EXERCISE AIM
All lines from the beginning of the listing through the line with "县委常委、常务副县长王景义查看核酸检测和社会面管控工作" are to be copied word for word; the pictures are not.

LISTED ENTRIES
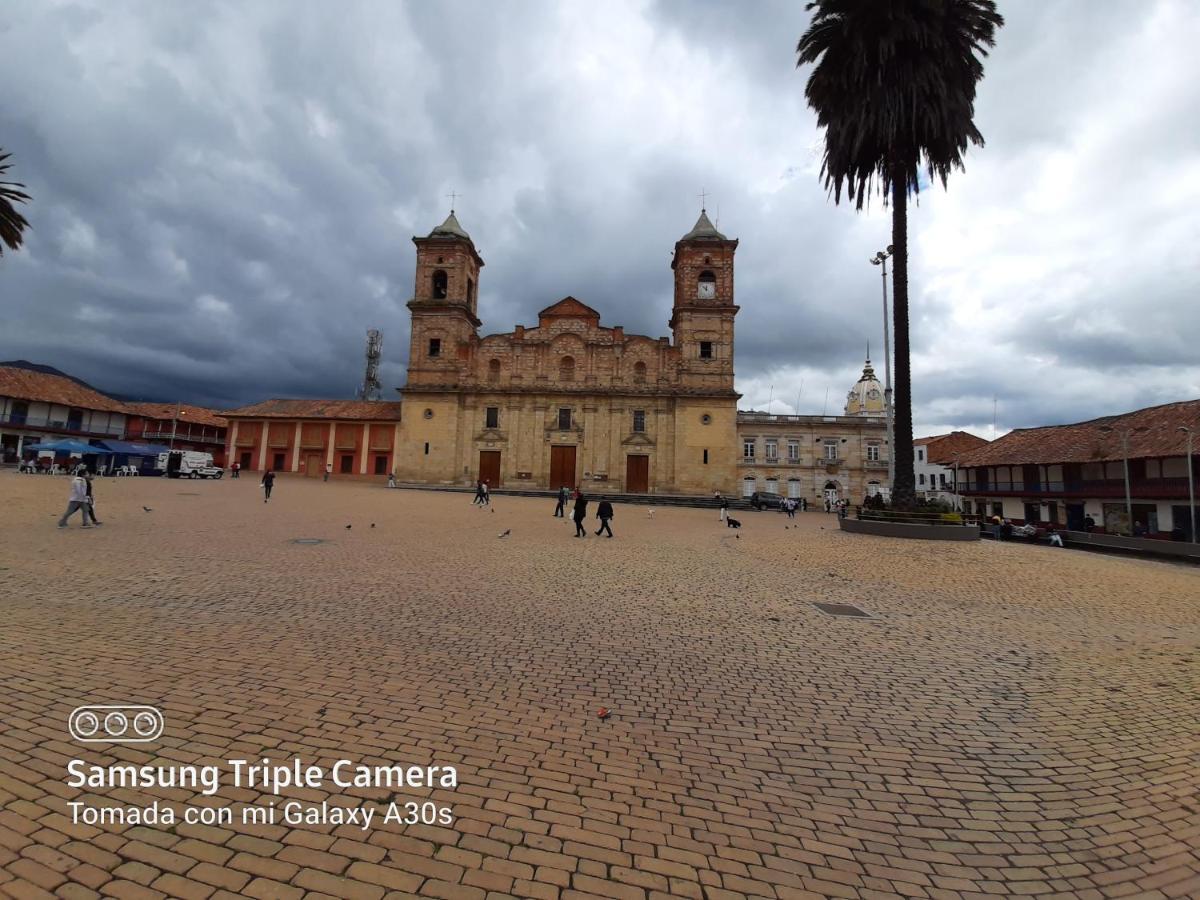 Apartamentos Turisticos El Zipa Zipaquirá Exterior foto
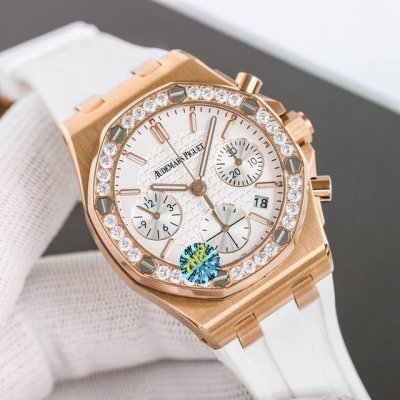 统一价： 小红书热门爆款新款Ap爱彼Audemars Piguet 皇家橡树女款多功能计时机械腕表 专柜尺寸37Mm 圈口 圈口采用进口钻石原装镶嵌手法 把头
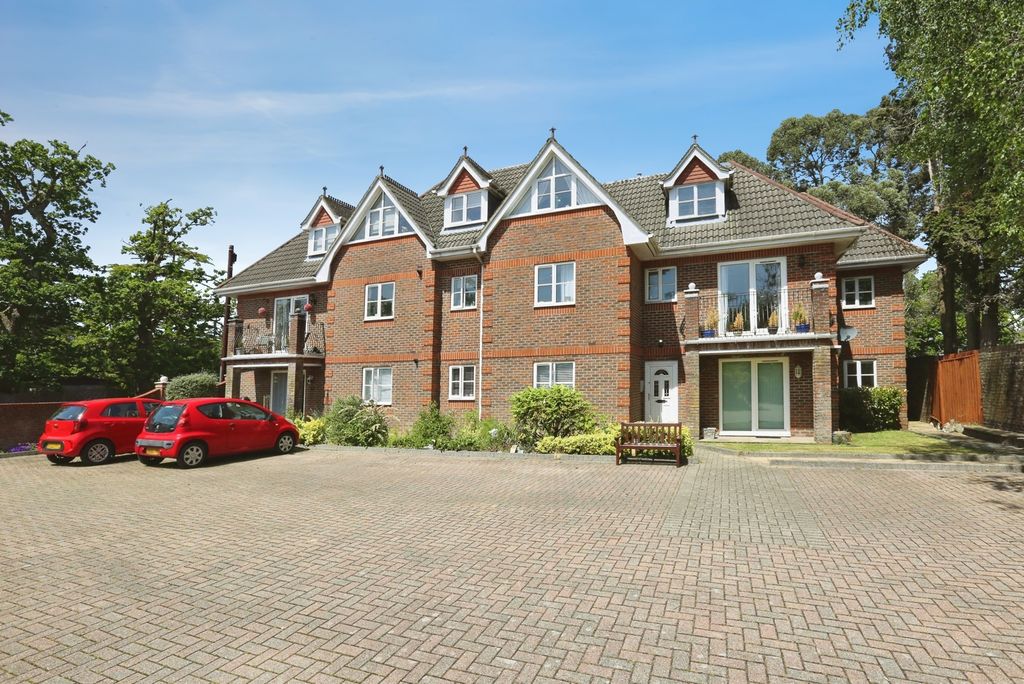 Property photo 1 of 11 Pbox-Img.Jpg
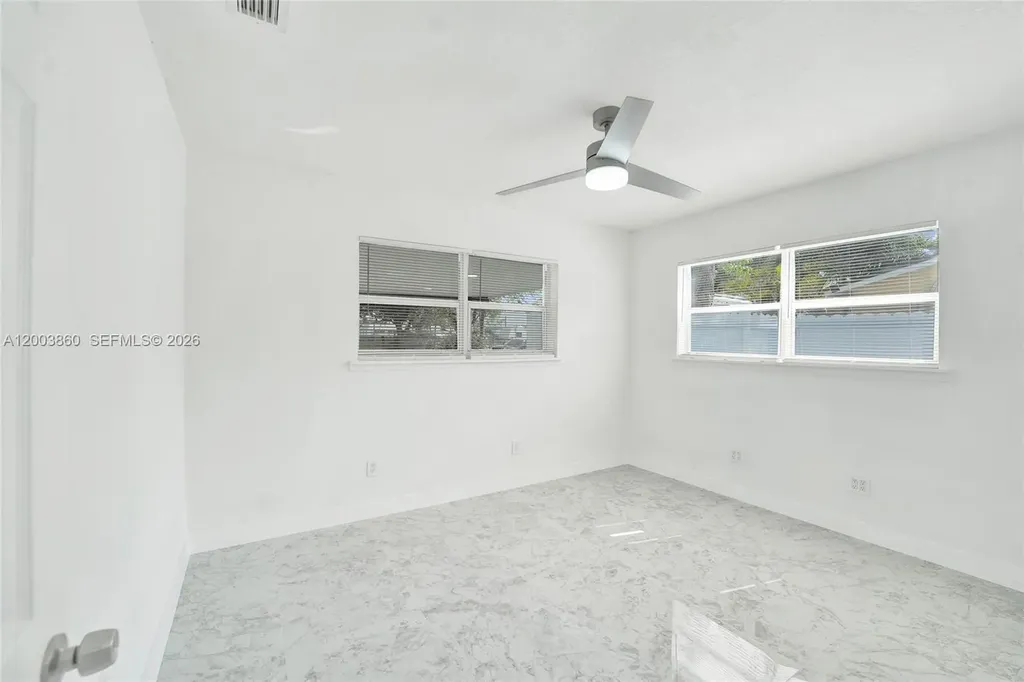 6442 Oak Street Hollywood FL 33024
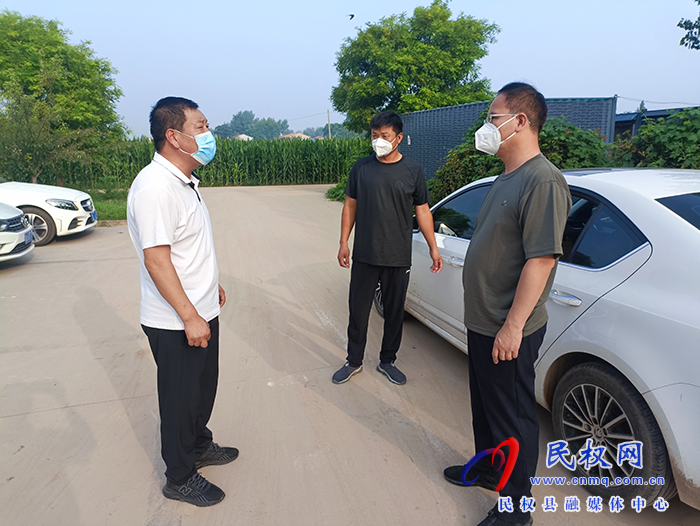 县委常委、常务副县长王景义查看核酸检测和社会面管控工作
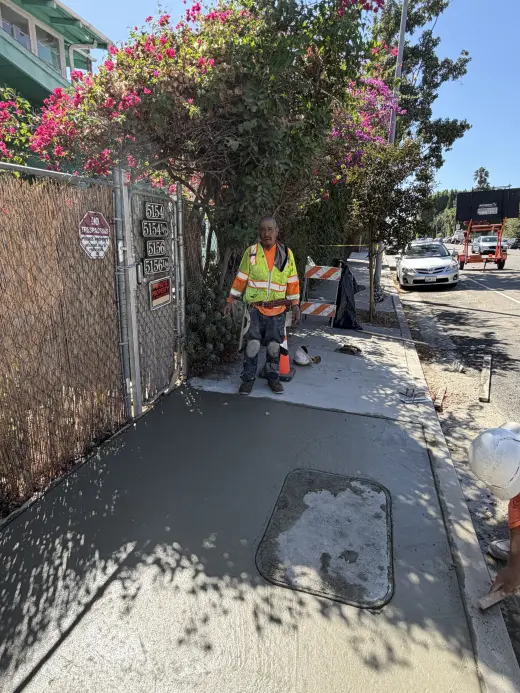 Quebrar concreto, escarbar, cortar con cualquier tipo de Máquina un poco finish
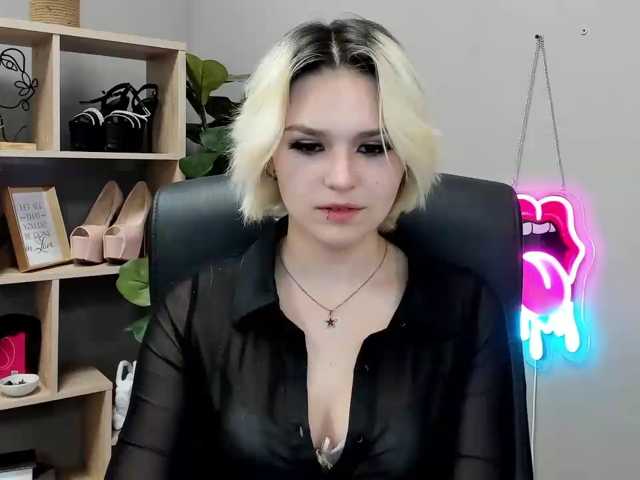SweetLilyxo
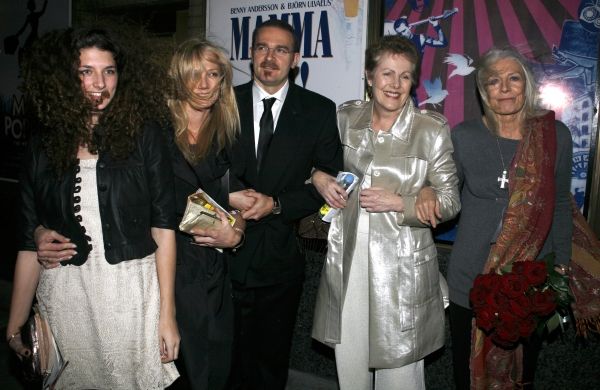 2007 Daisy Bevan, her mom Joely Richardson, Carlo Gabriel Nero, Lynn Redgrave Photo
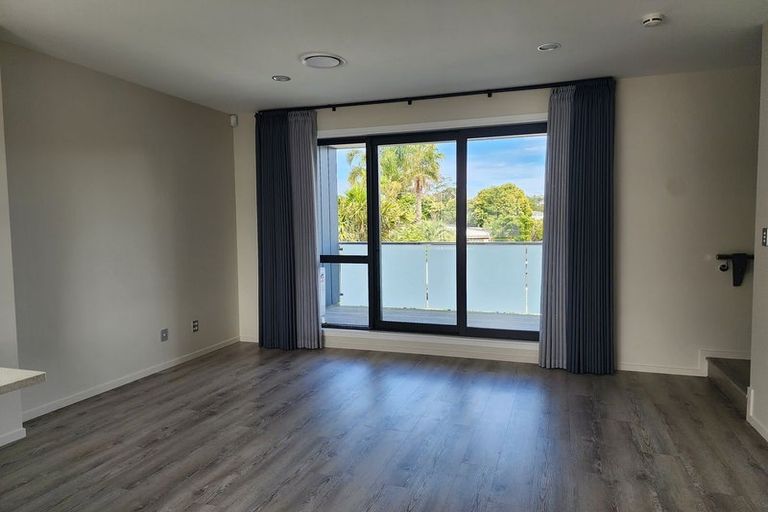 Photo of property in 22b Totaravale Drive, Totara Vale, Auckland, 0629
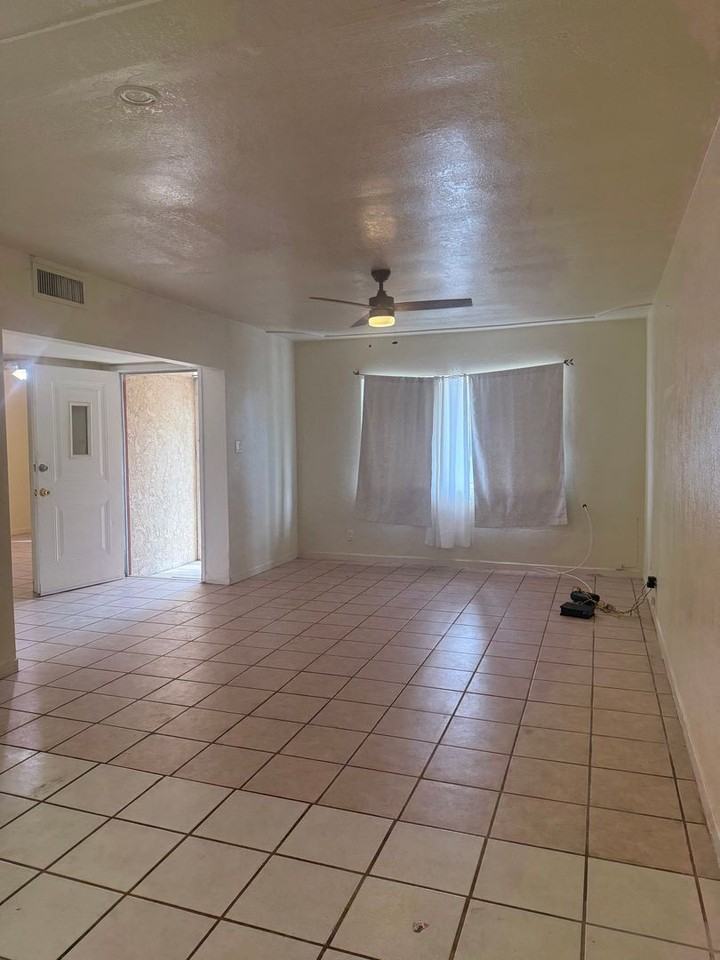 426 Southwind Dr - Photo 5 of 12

RESULT FOR THIS EXERCISE
 Apartamentos Turisticos El Zipa Zipaquirá Exterior foto
 统一价： 小红书热门爆款新款Ap爱彼Audemars Piguet 皇家橡树女款多功能计时机械腕表 专柜尺寸37Mm 圈口 圈口采用进口钻石原装镶嵌手法 把头
 Property photo 1 of 11 Pbox-Img.Jpg
 6442 Oak Street Hollywood FL 33024
 县委常委、常务副县长王景义查看核酸检测和社会面管控工作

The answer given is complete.